Looking Back: Although Buffalo may not be the most offensively efficient team in the MAC (100.8 points per possession), the Bulls have phenomenal ball-handling skills. Buffalo leads the conference in assists (15.17) and assist-to-turnover ratio (1.15) and is second in steals (8.0) and turnover margin (+1.83). So how did they lose both games (Ohio, 99-77 and Ball State, 75-69) this past week? The loss to Ohio is easy to explain: the Bulls turned the ball over 15 times (second most TOs by Buffalo in a conference game in 2010) and the fast play of the game also meant that leading scorer Rodney Pierce (18.1 PPG) would take a lot of shots. Problem is, he attempted 20 and only made six of them. Against Ball State, Buffalo didn’t turn the ball over nearly as much (six times) but apparently, on the way home from Athens, they forgot how to play defense. Ball State skewered Buffalo’s man D and connected on 55.5% of their shots.

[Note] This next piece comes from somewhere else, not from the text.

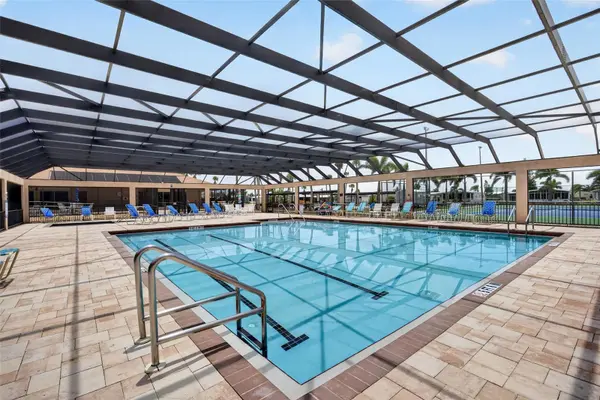 15550 BURNT STORE RD #237, Punta Gorda, FL 33955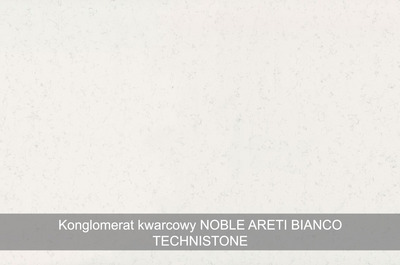 Galeria materiałów – blaty kuchenne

Looking Ahead: The Bulls travel to Northern Illinois on Saturday and if UB against forgets how to play defense, it could be a long afternoon (and one guaranteed to keep the statisticians at the Convocation Center busy for a full two hours).
Looking Back: It’s a miracle Bowling Green was able to pull out a win at Eastern Michigan (64-61). The Falcons have been the MAC’s best free throw shooting team in conference play (76.7%) but against EMU, their shaky FT shooting almost doomed them: 8-13 from the line. The 64-52 loss to Miami offered BGSU fans a glimpse of the future as sophomore Dee Brown scored 17 points off an impressive 3-5 shooting from deep. Three-point shooting has become Bowling Green’s forte; in 2009, the Falcons were third in conference play while in 2010, they have moved to first thanks to Joe Jakubowski (55%) and Brown (52.4%).

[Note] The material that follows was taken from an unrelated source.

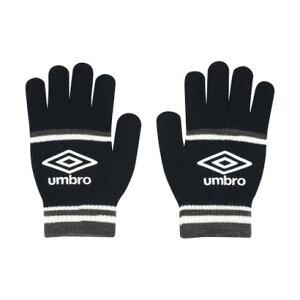 Au umbro UMBRO Au TbJ[ WjAjbgO[u  qp LbY K g[j iubN/O[j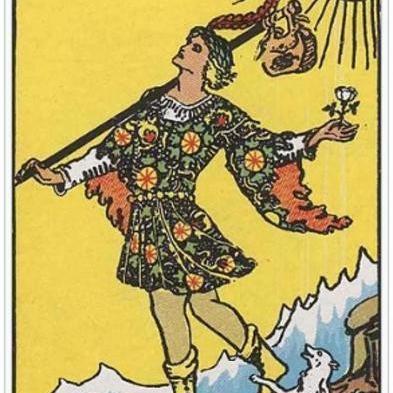 学习算命可以自学吗_自学算命会不会不好(学算命给自己算可以么)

Looking Ahead: Expect a plethora of threes when Bowling Green matches up with Central Michigan on Saturday. The Falcons are eighth in the conference in guarding the long ball at 35.3% (but strangely, are the best when it comes to shooting from deep with a 40.4%) while the Chippewas shoot 37.5% from deep. If the statistics prove correct, CMU’s Robbie Harman, Brown and Jakubowski could all have career days. If BGSU does fall to CMU, at least they have Toledo next on the schedule.
Looking Back: Two wins and a loss are nice but even better was the milestone coach Charlie Coles reached. In a conference that is one of the oldest in college basketball, Coles’ feat is a testament to one of the better coaches in the game today whose teams continually thrive against BCS conferences.

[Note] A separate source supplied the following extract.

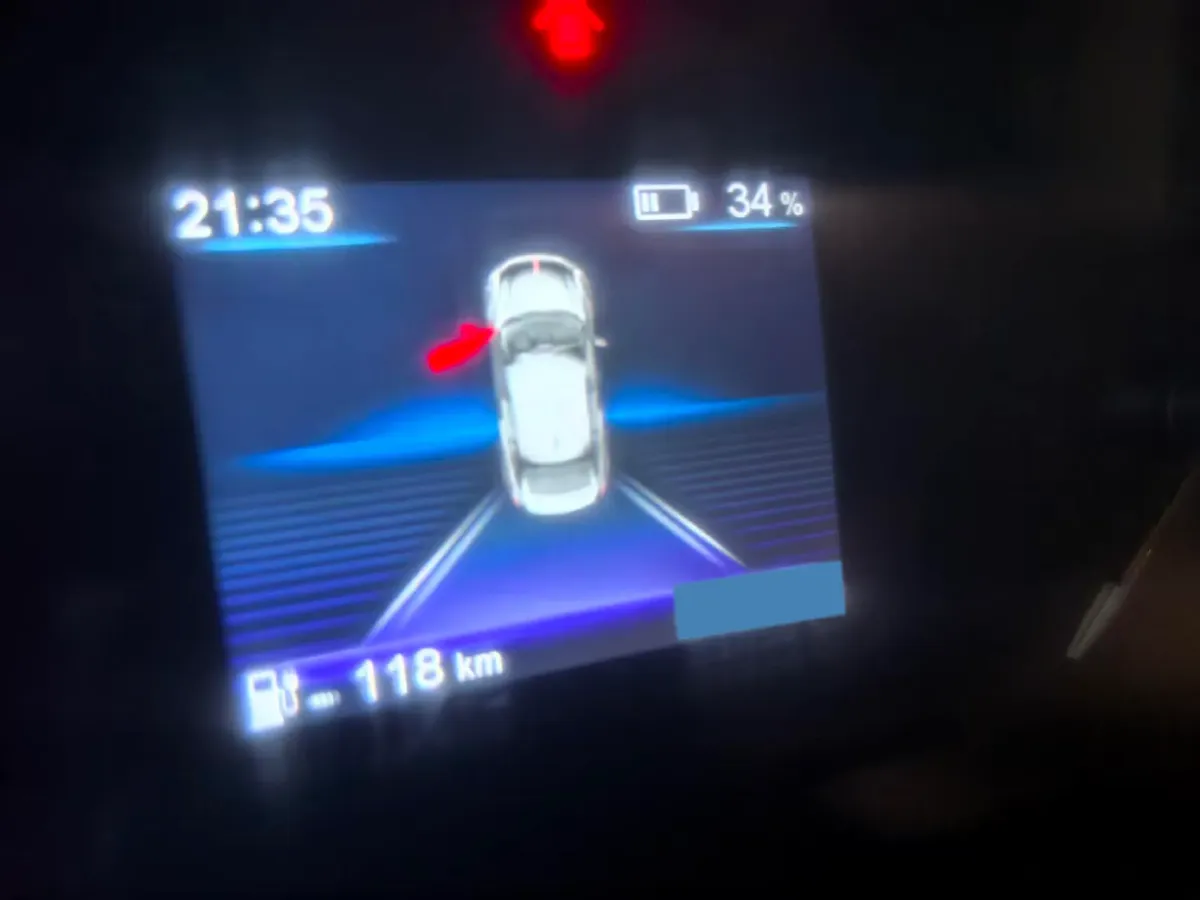 2022 HongQi E-QM5 BEV 54KWH,autocango,china used car exporter,china ev exporter,chinese used car exporter,chinese used ev exporter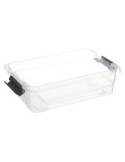 SCATOLA SCOMPARTI 1,5LT 160426 su TreG Ingrosso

Looking Ahead: Under Coles, Miami is a very good team at blocking shots. They lead the conference with over four per game and their block percentage is ranked 113th in the country (10.1%). Miami’s next two opponents, Eastern and Western Michigan, conversely, get blocked a lot (EMU 8.8% and WMU 10%) so the next two games should be fun times for Antonio Ballard and Adam Fletcher, who both rank in the MAC’s top ten for blocked shots.
Looking Back: Ohio was RTC’s team of the week in the MAC and we have already detailed the offensive juggernaut that the Bobcats have become. If their offensive onslaught continues, Ohio and Ball State could wind up the teams in the MAC tournament no one wants to face.
Looking Ahead: On Sunday, opposing basketball strategies will collide. The top ranked offensive team (Ohio) will take on the top ranked defensive team (Ball State) in what should be a widely-watched game … if only the game was televised.